I want to replace special characters, such as Å Ä Ö Ü é, with "normal" characters (those between a-z and 0-9). And spaces should certainly be replaced with dashes, but that's not really a problem.

In other words, I want to turn this:

en räksmörgås

into this:

en-raksmorgas

What's the best way to do this?

Thank you in advance.

Community
  • 1
  • 1
Ivar
  • 4,344
  • 6
  • 38
  • 53
  • 1
    Possibly duplicate of http://stackoverflow.com/questions/465990/how-to-handle-diacritics-accents-when-rewriting-pretty-urls – Lekensteyn Aug 27 '10 at 19:48
  • Hm, didn't see that one - I don't really find its title that describing. Thank you for notice. – Ivar Aug 27 '10 at 20:29

3 Answers3

17

You can use iconv for the string replacement...
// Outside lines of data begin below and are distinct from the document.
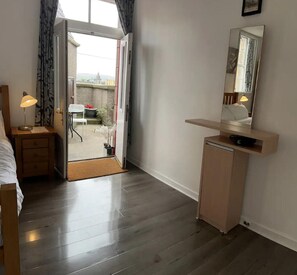 2 bedrooms, iron/ironing board, free WiFi, bed sheets - 2-bed Historic Apartment in old Town Edinburgh (Edinburgh)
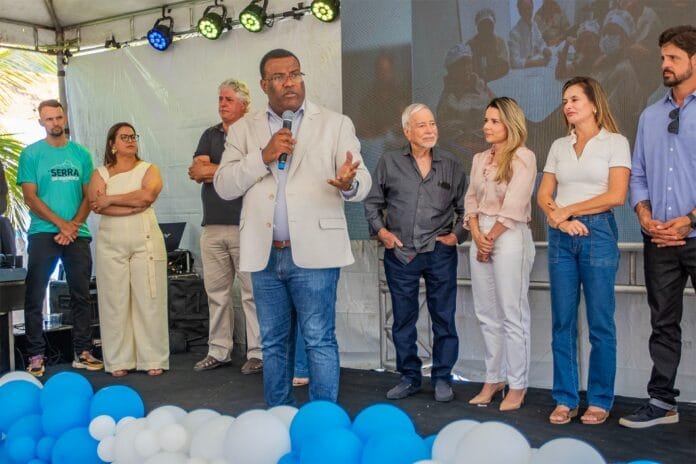 Autoridades, profissionais de saúde e moradores participam da celebração dos 20 anos do Hospital Público Municipal da Serra, em Macaé.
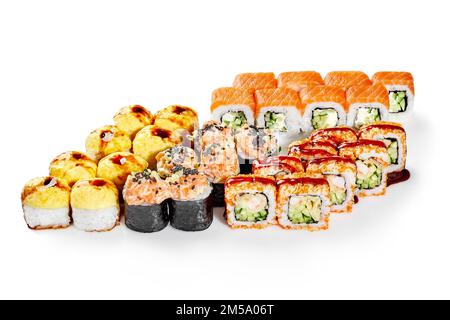 Set aus gebackenen Käserollen, Maki mit Lachstartar, Uraaki und Philadelphia Stockfoto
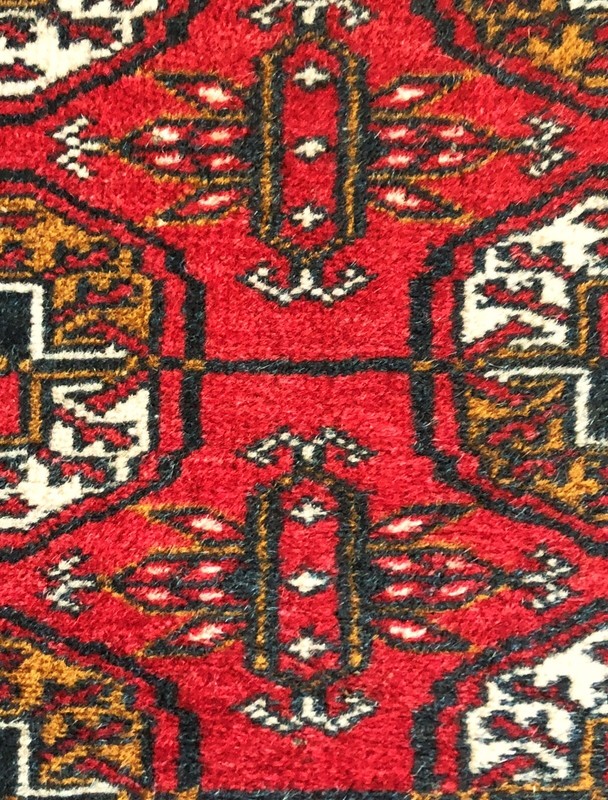 Vintage Woolen Rug 6.5ft by 4ft handmade in good condition gallery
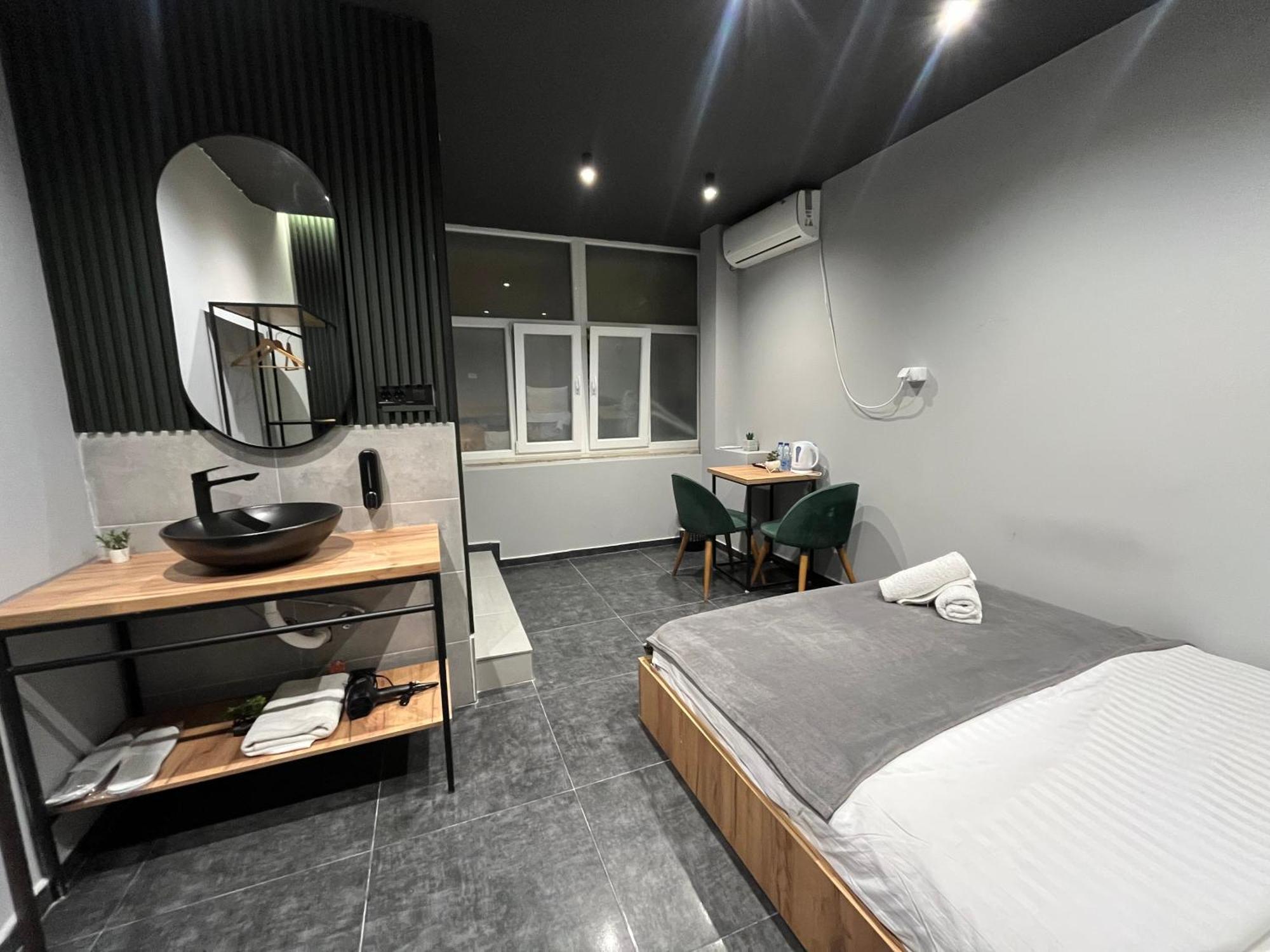 M - Square Private Rooms 스코페 객실 사진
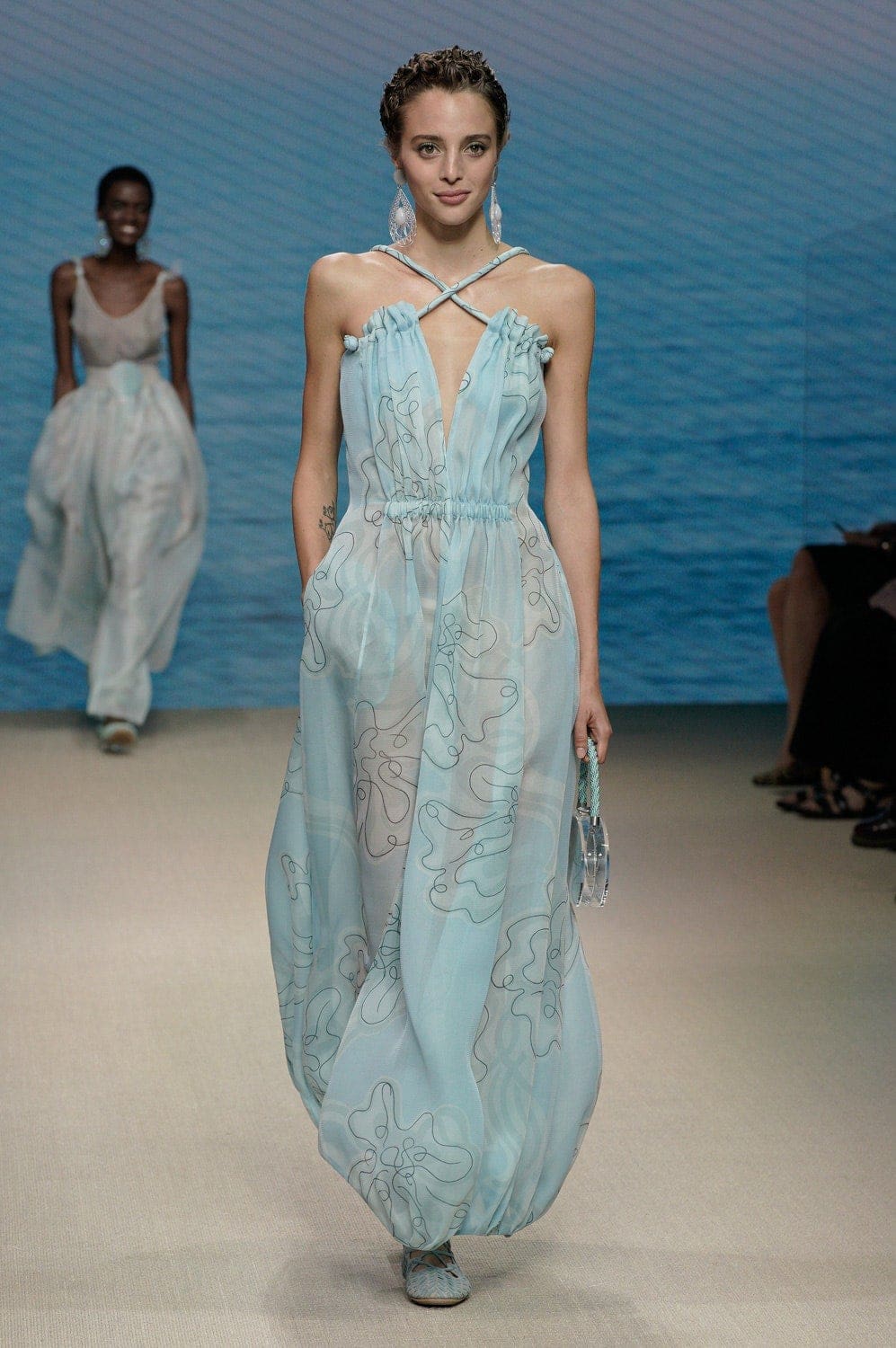 Giorgio Armani Frühling Sommer 2022 Mailand von RUNWAY MAGAZIN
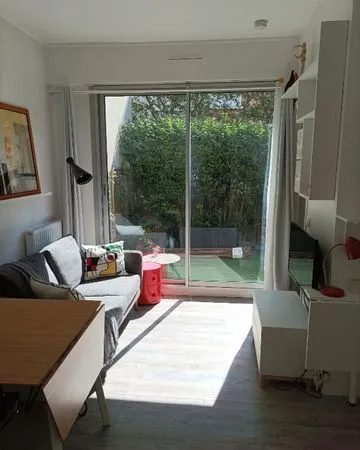 Studio meublé rénové avec jardin privatif - Bécon-les-Bruyères 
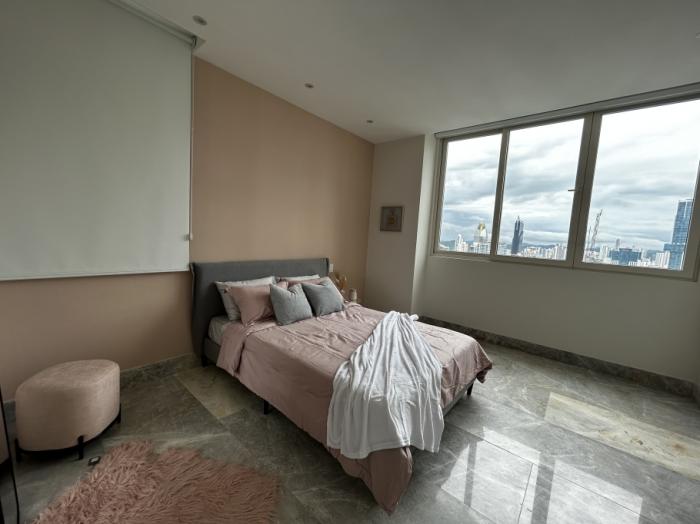 Venta de apartamento en the towers punta paitilla 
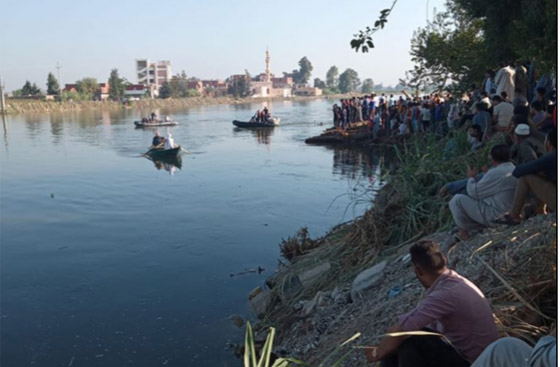 مصر.. شاهد غرق عبارة نيلية بركابها في حادث مأساوي صورة رقم 5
$string = iconv('UTF-8', 'ASCII//TRANSLIT//IGNORE', $string);

Basically, it'll transliterate the characters it can, and drop those it can't (that are not in the ASCII character set)...

Then, just replace the spaces with str_replace:

$string = str_replace(' ', '-', $string);

Or, if you want to get fancy, you can replace all consecutive white-space characters with a single dash using a simple regex:

$string = preg_replace('/\\s+/', '-', $string);

Edit As @Robert Ros points out, you need to set the locale prior to using iconv (Depending on the defaults of your system). Just execute this line prior to the iconv line:

setlocale(LC_CTYPE, 'en_US.UTF8');
ircmaxell
  • 163,128
  • 34
  • 264
  • 314
  • 3
    +1 also see: http://stackoverflow.com/questions/1284535/php-transliteration Btw, it's important your locale is set correctly for iconv transliteraion to work properly. – Robert Ros Aug 27 '10 at 19:59
  • @Robert Ros: Thanks, I've added that to the answer... – ircmaxell Aug 27 '10 at 20:07
  • Wonderful! But instead of 'ä' I get 'a"'. Not a big problem, I just have to run a preg_replace to remove everything but the characters. But is it ment to be so? I'm just curious. – Ivar Aug 27 '10 at 20:15
  • @Robert Thanks, I always wondered why sometimes iconv transliteration work and sometimes it didn't. – Artefacto Aug 27 '10 at 20:16
  • Huh? You get a quote character? I tested it on my machine, and it worked fine (I got your expected output). Did you run `setlocale` first? – ircmaxell Aug 27 '10 at 20:18
  • Yeah, it's kinda weird. I'm running the setlocale function above the iconv line, but my output is: r"aksm"orgas – Ivar Aug 27 '10 at 20:21
  • The difference in transliteration appears to be based on PHP version: 5.2.9 transliterates both `à` and `ä` into `a`, as expected. But PHP 5.4 transliterates those into `'a` and `"a` respectively. – Joe Aug 09 '12 at 16:24
1

Check out http://php.net/manual/en/function.strtr.php

<?php
$addr = strtr($addr, "äåö", "aao");
?>
fcingolani
  • 581
  • 2
  • 5
0

A clever hack often used for this is calling htmlentitites, then running

preg_replace('/&(\w)(acute|uml|circ|tilde|ring|grave);/', '\1', $str);

to get rid of the diacritics. A more complete (but often unnecessarily complicated) solution is using a Unicode decomposition algorithm to split diacritics, then dropping everything that is not an ASCII letter or digit.

Tgr
  • 27,442
  • 12
  • 81
  • 118